# Button Quail Hatch-Along



## ThetaSigma (Jan 18, 2014)

With my first hatch of button quail (Chinese Blue-Breasted Quail/King Quail/C. chinensis), I had only one chick hatch out of fifteen eggs that I set. At day ten I candled, and found four infertile eggs. On day 16 (hatch day), there was nothing. I chekced the thermostat and the dial had been moved a litle, and the temperature was several degrees lower than it should be. In the end (on day 22), my one baby hatched, with assistance. The next day I opened the other eggs carefully. All were dead. Four were fully developed, but failed to pip. Another was fully developed, and pipped into a blood vessel on the membrane, and either died of blood loss, or drowned, and one was mostly developed, but quit a few days before lockdown. The remaining eggs were only a tiny bit developed (about day four for a chicken egg, so day 2-3 for buttons), and some had been damaged in shipping, and didn't develop at all. I'll be posting pictures of the single chick soon.


----------



## ThetaSigma (Jan 18, 2014)

I recieved 29 eggs on tuesday or wednesday, and opened one to check for fertility. It was fertile, and today is day 2 of incubation for the new eggs. I will begin turning them tomorrow, three times a day.
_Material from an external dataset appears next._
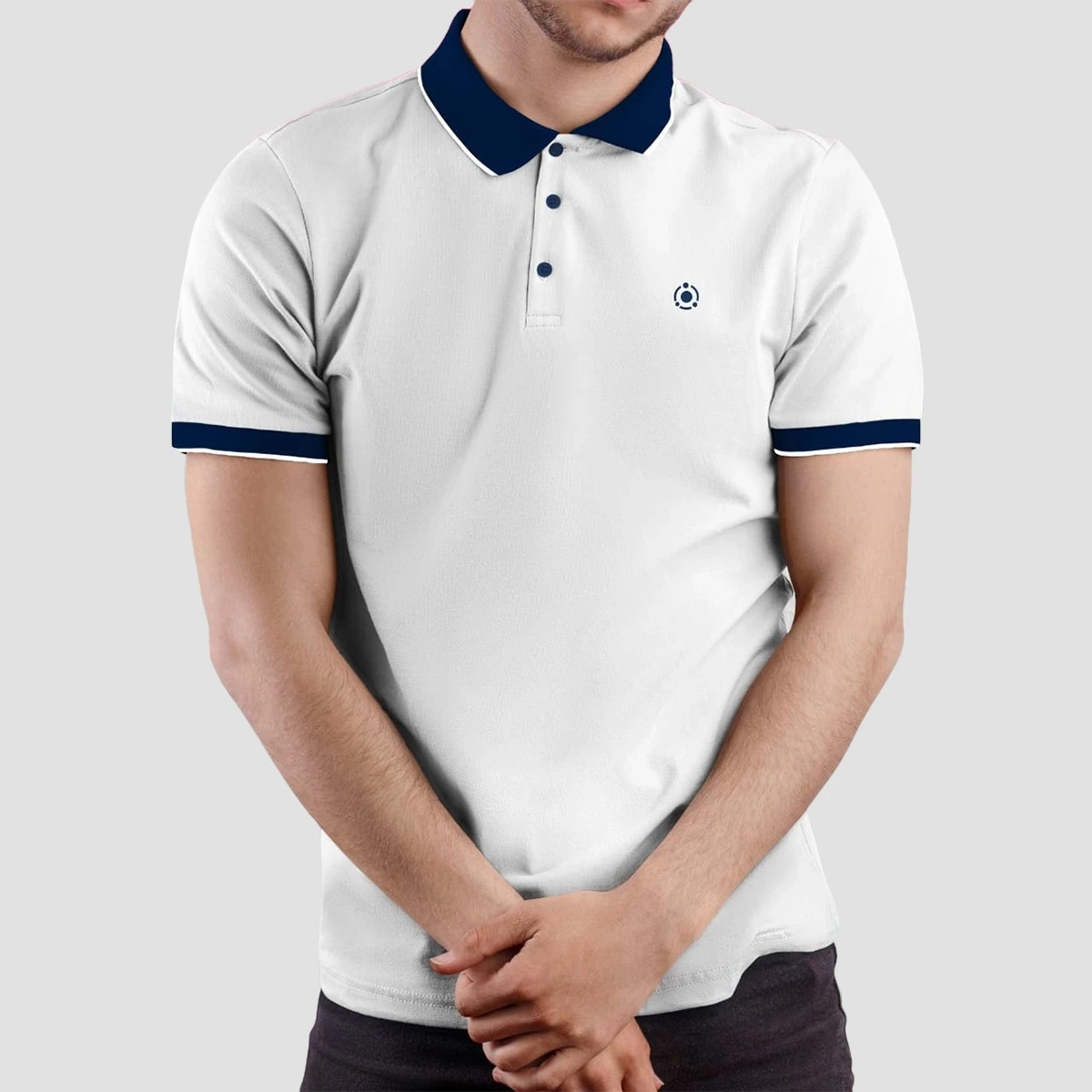 Cotton Polo Shirt For Men’s desi shopping desishopping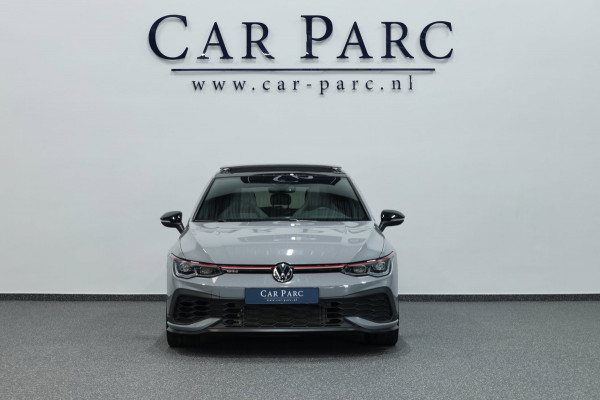 Volkswagen Golf 2.0 TSI GTI Clubsport 45 Jahre Edition 300+PK AKRAPOVIC/IQ/VIRTUAL/SFEER/PANO/LEER/CAM/LINE/ACC/12 MND GARANTIE!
There is also a chicken egg on day 6 in the incubator, which should hatch the day after the buttons.


----------



## MattsBettas (Dec 18, 2012)

This is really neat, I'll be following. I've always found domestic birds fascinating and while I circumstances prevent me from owning any right now I will one day!


----------



## ThetaSigma (Jan 18, 2014)

Heres a picture of the brooder. She's the only babyin there and was so lonely for the first week.



Ten gallon aquarium
Red heat bulb
Heat lamp
Non skid shelf liner
Paper bedding 

For water: mayo lid with marbles to prevent drowning and chills
For food: mayo lid with gamebird starter
For sleepy time: dark colored sock. She shoves her face under it and falls asleep.


----------



## ThetaSigma (Jan 18, 2014)

Spankie (I did not name her. I often call her Yolo because she gets as high as she can and then jumps.), cuddling with a sock. She loves the sock.


----------



## ThetaSigma (Jan 18, 2014)

And here she is standing around


----------



## ThetaSigma (Jan 18, 2014)

Here she is in my hand. I have a pretty small hand, too. She's very tiny still, and already nine days old. I'll try to get a picture of her newly forming feathers tomorrow, but she doesn't stop moving and it's hard to snap a photo so fast. I may use a video if she won't hold still.


----------



## Pandanke (Jun 16, 2014)

Adorable! I was looking into many of the little quail varieties when we still planned to move out to the country and I'd have a bigger house.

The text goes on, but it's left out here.